This year for the 2010-11 Lester Lectureship the Religious Studies Department of the University of Colorado, Boulder has the privilege to host Dr. Ananda Abeysekara. The lectureship has been organized by Dr. Ruth Mas, professor of Contemporary Islam in the Religious Studies Department and Affiliated Professor of Comparative Literature at the University of Colorado, and consists of a graduate panel of student fellows. Preceding Dr. Abeysekara’s visit this panel will be involved in weekly seminars designed to critically and creatively engage his most recent publication, The Politics of Postsecular Religion: Mourning Secular Futures. During each weekly seminar discussion group leaders will elucidate significant concepts from this work and examine the voices of Abeysekara’s interlocutors.


The question of political and religious identity as it is constructed in monastic institutions and set in opposition to society at large is one important example of how Abeysekara has framed the issues of power, self-definition, and violence in Buddhist culture. His work runs parallel to such contemporary theorists and philosophers as Talal Asad, Alasdair McIntyre, and David Scott. And similar to these scholars his theoretical models are strongly influenced by the writings of Michel Foucault, Jacques Derrida, as well as other notable post-modernists. Further, Abeysekara is in discourse with such leaders in the field of Buddhist identity, political discourse, and ritual expression as S.J. Tambiah and Gananath Obeyesekere. For all these reasons, we engage his work as a highly relevant contribution to the study of past and present articulations of power and identity in post-colonial South and Southeast Asian Buddhist traditions. In the broader context of Religious Studies, Abeysekara has raised pertinent questions concerning the tools of analytical inquiry, how scholars employ theories of analysis, interpretation, and critique. With all this in mind, the aims of this lectureship are simple: To engage the discourse of a scholar who is helping to shape the future of our field, to contend with the same concepts by which he is occupied, and, to not defer our debates and conversations to any other time than now.

Tuesday, November 9, 2010

Chapter One of The Politics of Postsecular Religion: Mounring Secular Futures, “Thinking the Un-improvable, Thinking the Un-inheritable”, begins with Derrida’s sweeping claim that “’democracy is a promise.’” (1) Our discussion never even made it to the idea / word / concept of a ‘promise’! “Democracy” is what piqued our interest, and in particular, how Abeysekara was using Derrida’s particular usage of this word – what he later calls a “name”? “Democracy”, to me, refers to a political system, a method even, developed by the ancient Greeks in which governing power is derived from the people being governed. Democracy is first and foremost a political system, although it has a powerful rhetoric associated, or perhaps synonymous, with its name. It is the rhetoric surrounding and encompassing “democracy” that Abeysekara is concerned with, but where is hisdefinition? Who is his presumed audience? This lack of definitional and audience transparency is troubling mostly because of Abeysekara’s thesis: “This book is an attempt to think seriously about whether we can or cannot inherit such deferred futures of our democracy.” (1)

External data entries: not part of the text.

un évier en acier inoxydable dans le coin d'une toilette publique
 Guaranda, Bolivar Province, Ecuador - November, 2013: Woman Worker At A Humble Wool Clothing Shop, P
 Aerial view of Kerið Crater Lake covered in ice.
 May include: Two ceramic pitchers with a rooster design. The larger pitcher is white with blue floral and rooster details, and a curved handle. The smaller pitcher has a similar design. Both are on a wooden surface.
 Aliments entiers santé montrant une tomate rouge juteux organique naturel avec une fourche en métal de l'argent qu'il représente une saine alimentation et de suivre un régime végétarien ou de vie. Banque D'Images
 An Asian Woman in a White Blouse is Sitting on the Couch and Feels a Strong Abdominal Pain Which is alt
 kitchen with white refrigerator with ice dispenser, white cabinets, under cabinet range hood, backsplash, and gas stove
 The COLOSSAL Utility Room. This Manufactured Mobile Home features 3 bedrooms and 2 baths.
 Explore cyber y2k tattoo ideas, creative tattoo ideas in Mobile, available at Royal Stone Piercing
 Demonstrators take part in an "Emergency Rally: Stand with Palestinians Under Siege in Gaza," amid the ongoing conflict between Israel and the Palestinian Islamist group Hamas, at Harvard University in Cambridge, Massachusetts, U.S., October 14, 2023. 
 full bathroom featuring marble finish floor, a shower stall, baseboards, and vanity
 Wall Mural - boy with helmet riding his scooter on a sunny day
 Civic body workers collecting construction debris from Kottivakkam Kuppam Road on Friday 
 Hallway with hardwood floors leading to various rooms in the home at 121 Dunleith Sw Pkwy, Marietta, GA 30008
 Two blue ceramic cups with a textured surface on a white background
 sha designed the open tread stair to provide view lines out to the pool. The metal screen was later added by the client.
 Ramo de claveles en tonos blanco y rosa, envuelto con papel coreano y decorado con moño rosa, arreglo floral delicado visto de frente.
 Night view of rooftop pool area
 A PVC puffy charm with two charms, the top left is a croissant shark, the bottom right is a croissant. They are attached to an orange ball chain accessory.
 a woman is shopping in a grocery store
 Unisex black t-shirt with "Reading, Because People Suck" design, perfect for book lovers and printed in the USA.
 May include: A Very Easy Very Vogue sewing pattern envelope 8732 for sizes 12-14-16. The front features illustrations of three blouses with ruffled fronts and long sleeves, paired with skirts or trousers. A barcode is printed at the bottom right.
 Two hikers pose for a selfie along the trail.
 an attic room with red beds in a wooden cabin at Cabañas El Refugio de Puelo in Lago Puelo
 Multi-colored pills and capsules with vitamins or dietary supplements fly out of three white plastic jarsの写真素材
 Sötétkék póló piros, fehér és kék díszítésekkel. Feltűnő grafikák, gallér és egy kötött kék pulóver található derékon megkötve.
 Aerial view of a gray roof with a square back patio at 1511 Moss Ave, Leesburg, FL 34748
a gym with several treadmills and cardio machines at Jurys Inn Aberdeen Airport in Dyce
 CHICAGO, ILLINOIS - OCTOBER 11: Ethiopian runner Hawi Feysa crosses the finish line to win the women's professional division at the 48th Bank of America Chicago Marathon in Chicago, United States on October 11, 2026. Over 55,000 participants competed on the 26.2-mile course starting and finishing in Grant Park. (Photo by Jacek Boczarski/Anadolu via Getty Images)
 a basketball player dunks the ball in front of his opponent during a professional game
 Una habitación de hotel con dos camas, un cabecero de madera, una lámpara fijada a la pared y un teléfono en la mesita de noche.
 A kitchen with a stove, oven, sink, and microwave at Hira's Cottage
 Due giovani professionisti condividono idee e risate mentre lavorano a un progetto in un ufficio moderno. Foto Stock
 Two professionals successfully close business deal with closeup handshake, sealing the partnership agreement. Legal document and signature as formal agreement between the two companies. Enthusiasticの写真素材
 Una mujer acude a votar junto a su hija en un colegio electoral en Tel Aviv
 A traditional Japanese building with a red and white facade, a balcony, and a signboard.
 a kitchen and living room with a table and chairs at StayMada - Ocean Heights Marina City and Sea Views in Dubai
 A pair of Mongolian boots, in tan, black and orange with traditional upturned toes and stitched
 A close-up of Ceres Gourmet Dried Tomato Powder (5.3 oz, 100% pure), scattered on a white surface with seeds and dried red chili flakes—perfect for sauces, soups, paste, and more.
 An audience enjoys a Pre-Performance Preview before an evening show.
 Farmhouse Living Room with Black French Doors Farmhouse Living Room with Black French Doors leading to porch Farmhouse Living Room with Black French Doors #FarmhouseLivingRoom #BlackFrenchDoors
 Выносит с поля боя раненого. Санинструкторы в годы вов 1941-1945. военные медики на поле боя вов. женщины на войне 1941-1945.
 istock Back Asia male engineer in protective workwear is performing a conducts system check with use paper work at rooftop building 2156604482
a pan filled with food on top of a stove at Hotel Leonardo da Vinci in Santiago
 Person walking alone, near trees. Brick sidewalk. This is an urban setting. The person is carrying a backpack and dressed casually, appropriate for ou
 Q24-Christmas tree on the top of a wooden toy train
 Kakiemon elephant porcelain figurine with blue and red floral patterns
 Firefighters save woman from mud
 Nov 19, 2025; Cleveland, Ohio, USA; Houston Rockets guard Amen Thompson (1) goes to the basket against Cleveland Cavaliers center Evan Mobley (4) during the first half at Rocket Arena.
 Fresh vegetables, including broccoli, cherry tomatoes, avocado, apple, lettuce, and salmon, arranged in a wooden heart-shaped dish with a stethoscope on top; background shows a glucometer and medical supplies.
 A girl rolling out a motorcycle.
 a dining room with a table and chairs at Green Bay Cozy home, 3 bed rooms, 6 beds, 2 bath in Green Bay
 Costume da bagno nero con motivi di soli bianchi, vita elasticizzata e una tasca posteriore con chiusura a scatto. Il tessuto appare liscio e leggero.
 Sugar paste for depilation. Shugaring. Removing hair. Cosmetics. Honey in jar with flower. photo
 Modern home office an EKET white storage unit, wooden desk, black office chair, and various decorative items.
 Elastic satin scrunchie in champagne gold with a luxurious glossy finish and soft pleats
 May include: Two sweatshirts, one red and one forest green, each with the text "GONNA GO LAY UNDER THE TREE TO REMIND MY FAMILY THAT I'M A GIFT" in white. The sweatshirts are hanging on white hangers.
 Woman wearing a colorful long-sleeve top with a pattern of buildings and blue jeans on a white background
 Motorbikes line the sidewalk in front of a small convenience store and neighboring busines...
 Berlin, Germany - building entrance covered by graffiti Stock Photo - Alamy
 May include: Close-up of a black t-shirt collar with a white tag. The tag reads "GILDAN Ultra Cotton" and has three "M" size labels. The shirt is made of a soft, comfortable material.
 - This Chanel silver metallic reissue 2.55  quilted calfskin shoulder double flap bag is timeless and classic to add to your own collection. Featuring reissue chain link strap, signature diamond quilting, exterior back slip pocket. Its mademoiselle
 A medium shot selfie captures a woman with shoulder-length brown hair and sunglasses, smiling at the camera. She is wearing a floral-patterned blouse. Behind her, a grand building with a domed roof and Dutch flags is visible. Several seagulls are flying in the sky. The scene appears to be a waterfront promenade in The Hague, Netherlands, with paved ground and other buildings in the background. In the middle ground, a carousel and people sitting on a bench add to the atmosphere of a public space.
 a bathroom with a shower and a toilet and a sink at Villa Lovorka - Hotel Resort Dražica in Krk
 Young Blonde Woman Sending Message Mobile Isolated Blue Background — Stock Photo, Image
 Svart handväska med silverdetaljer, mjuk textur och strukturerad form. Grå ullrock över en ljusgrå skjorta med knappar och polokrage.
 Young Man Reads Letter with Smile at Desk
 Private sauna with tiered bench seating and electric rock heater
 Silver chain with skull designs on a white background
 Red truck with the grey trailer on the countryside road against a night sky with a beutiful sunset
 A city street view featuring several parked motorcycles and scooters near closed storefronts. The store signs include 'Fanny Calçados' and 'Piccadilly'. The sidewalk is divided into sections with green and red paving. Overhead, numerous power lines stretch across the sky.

From that statement, Abeysekara introduces his primary concepts of “inheriting” and “un-inheriting” as well as the application of the philosophical / logic concept of aporia to the monoliths of "democracy" and "modernity". “Un-inheriting” is defined as a method, a thought experiment: “…a pathway of reflecting upon the postcolonial conceptions of heritage, history, and identity that is not reducible to a ready-made binary of remembering / forgetting or embracing / abandoning.” (2-3) Abeysekara also defines “un-inheriting” as “mourning secular futures.” (3) The idea underlying the necessity of “un-inheriting” is that vast conceptual swamps – such as “democracy”, “modernity”, “human rights”, “liberalism”, etc. – are inseparable from their names. Thus, their constant conceptual rehabilitation and /or reconstruction is motivated by a belief in some essentialized nature (of the concept) inherent in the name: “In that sense the name is never expendable or exhaustible.” (4) This “logic of inheritance” is deeply questionable to Abeysekara. He goes on to posit that by examining the aporia of “our post-colonial modernity” (i.e. thename of secular democracy), and “un-inheriting” the "heritage of democracy", we might be able to envision, nay produce, an “un-heard of future.” (7) I think we all look forward to the unfolding of these ideas.